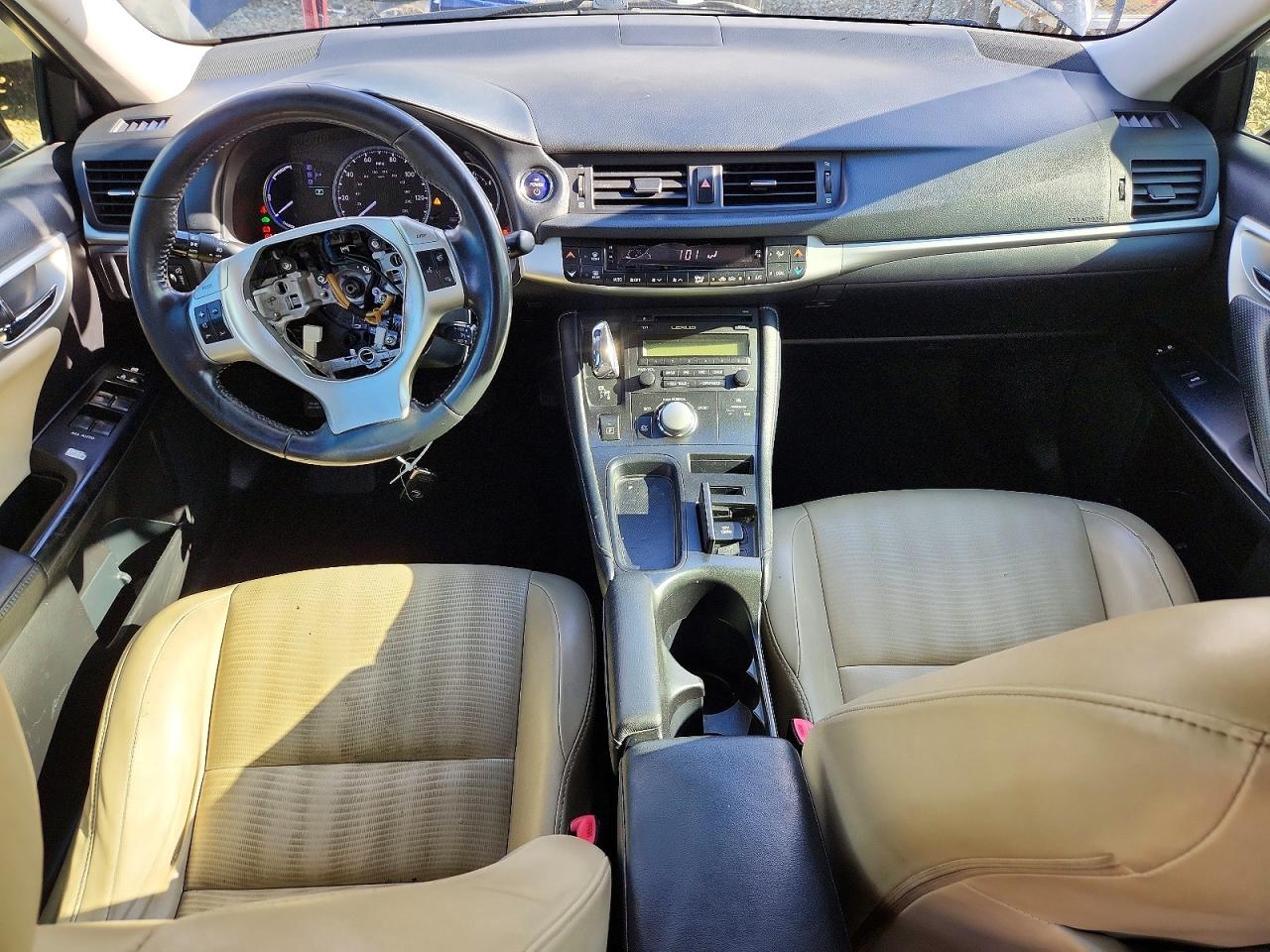 2013 LEXUS CT 200 photo 8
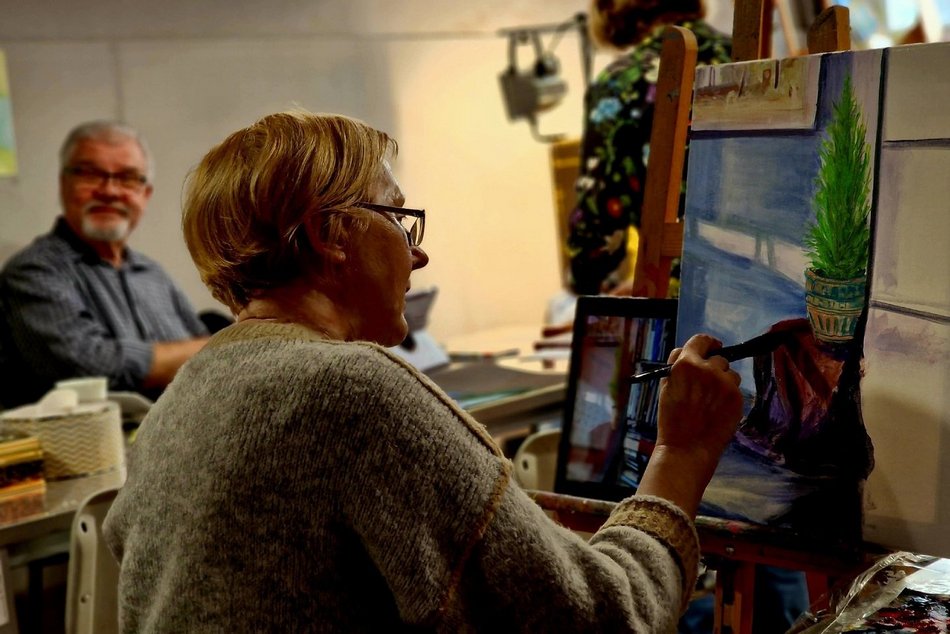 Łódź. Angielski, malarstwo, a może wyszywanie? Warsztaty dla seniorów w MSK Teofilów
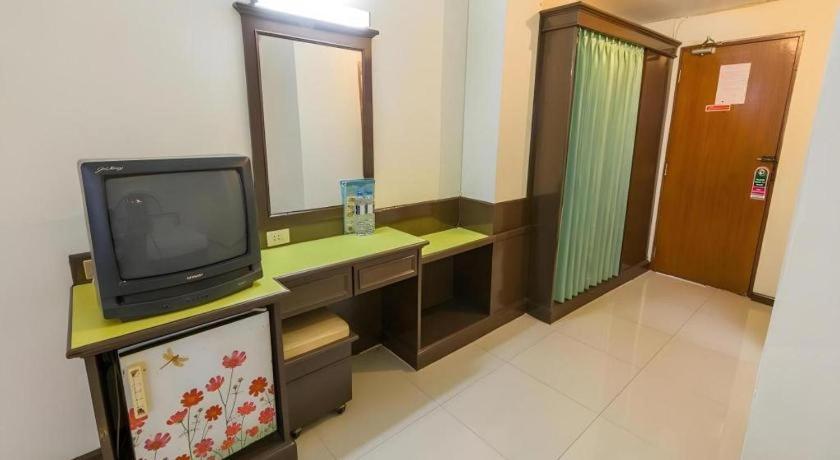 Lake Inn Hotel Songkhla Exterior photo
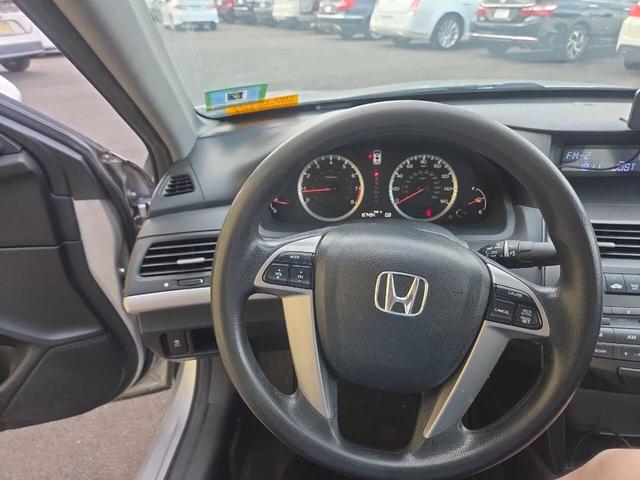 Photo of 2011 Alabaster Silver Metallic Honda Accord
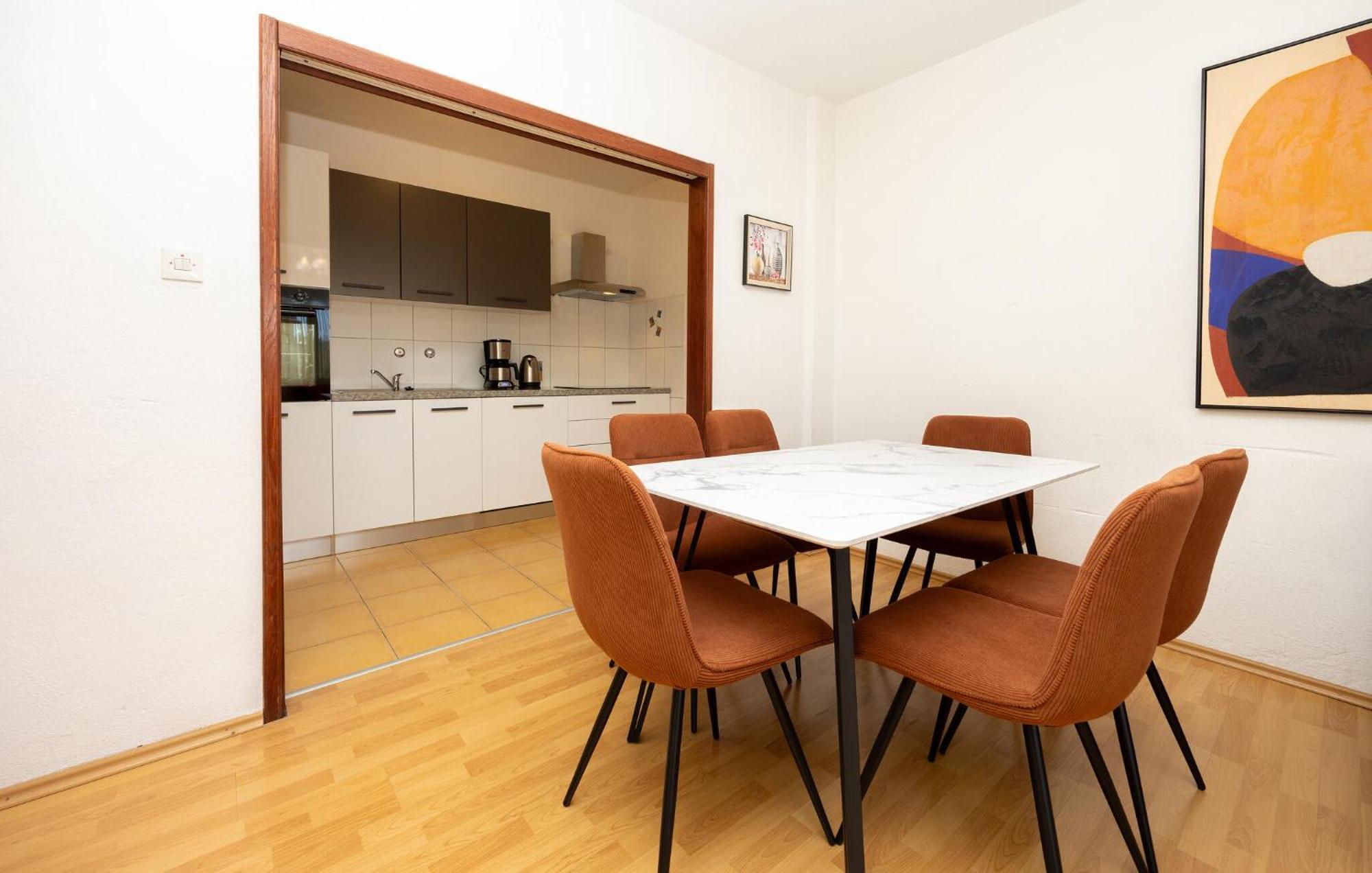 3 Bedroom Gorgeous Apartment In Traù Esterno foto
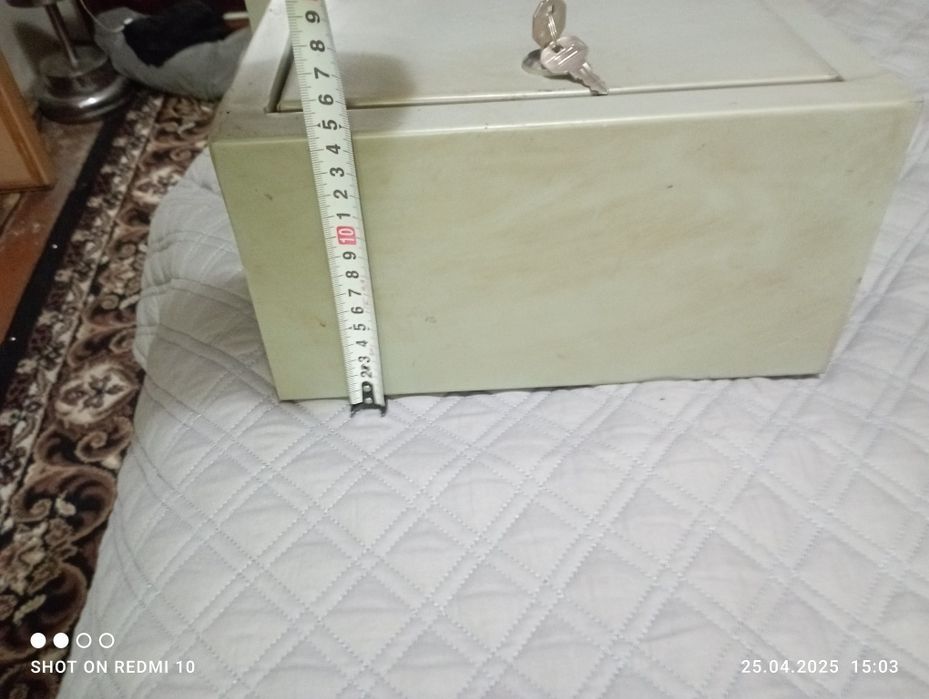 Мини сейфы  железные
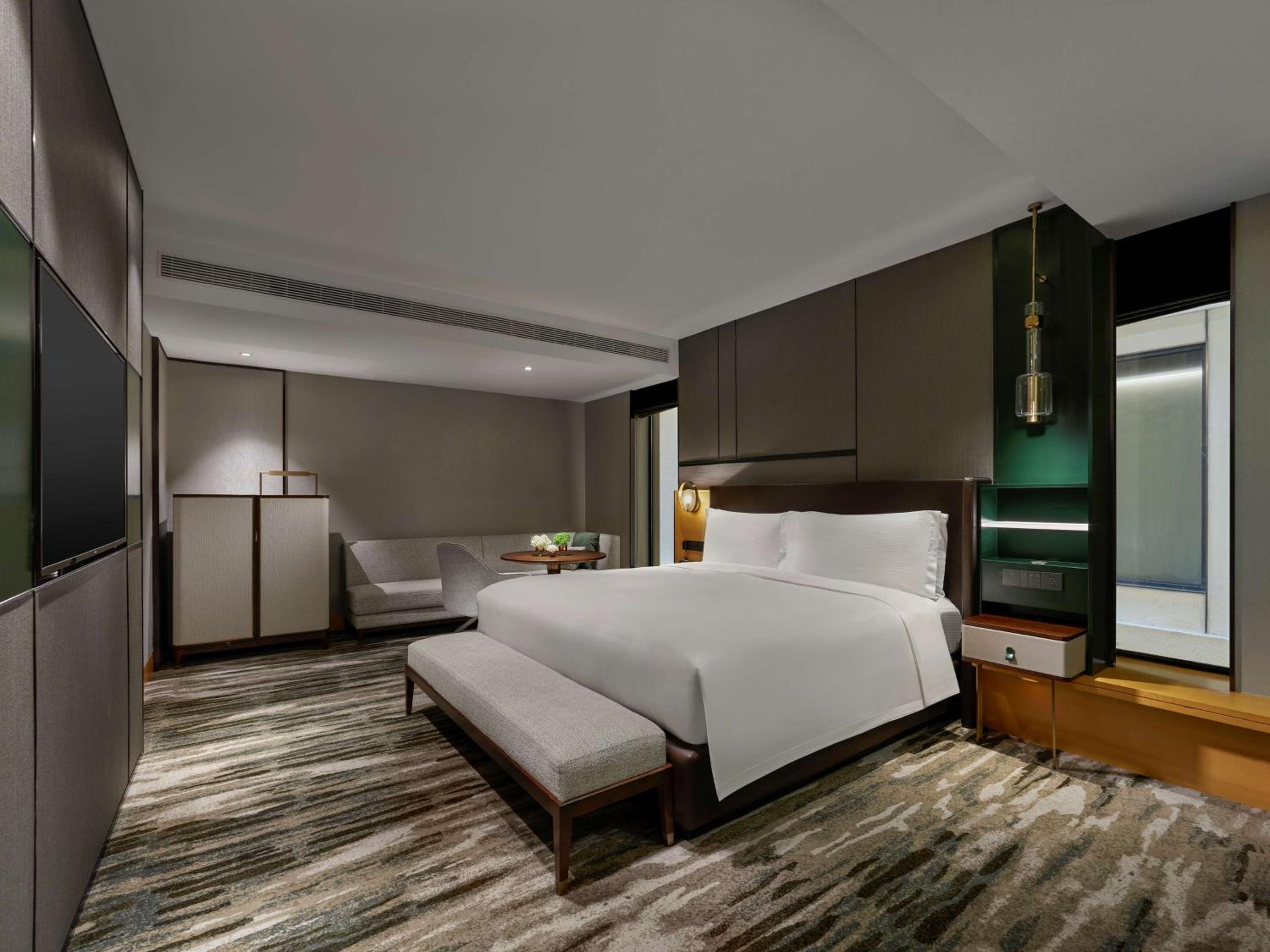 Tranquil Deluxe King Room thumbnail 5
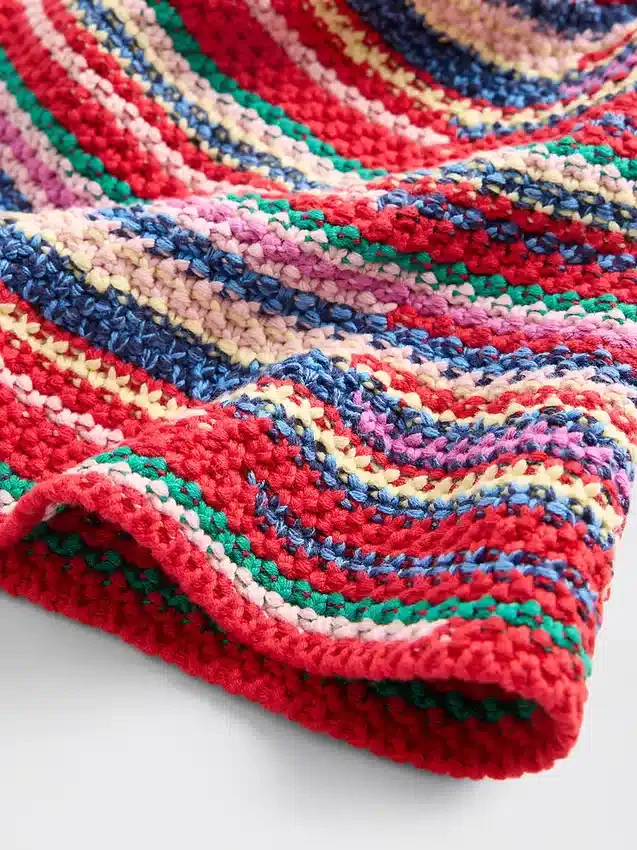 Strickad randig buckethat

> _PROBLEM_
Each line from the one with "Lake Inn Hotel Songkhla Exterior photo" to the last line of the listing should be returned exactly, both ends included, and no picture with them.

> _EXERCISE RESPONSE_
 Lake Inn Hotel Songkhla Exterior photo
 Photo of 2011 Alabaster Silver Metallic Honda Accord
 3 Bedroom Gorgeous Apartment In Traù Esterno foto
 Мини сейфы  железные
 Tranquil Deluxe King Room thumbnail 5
 Strickad randig buckethat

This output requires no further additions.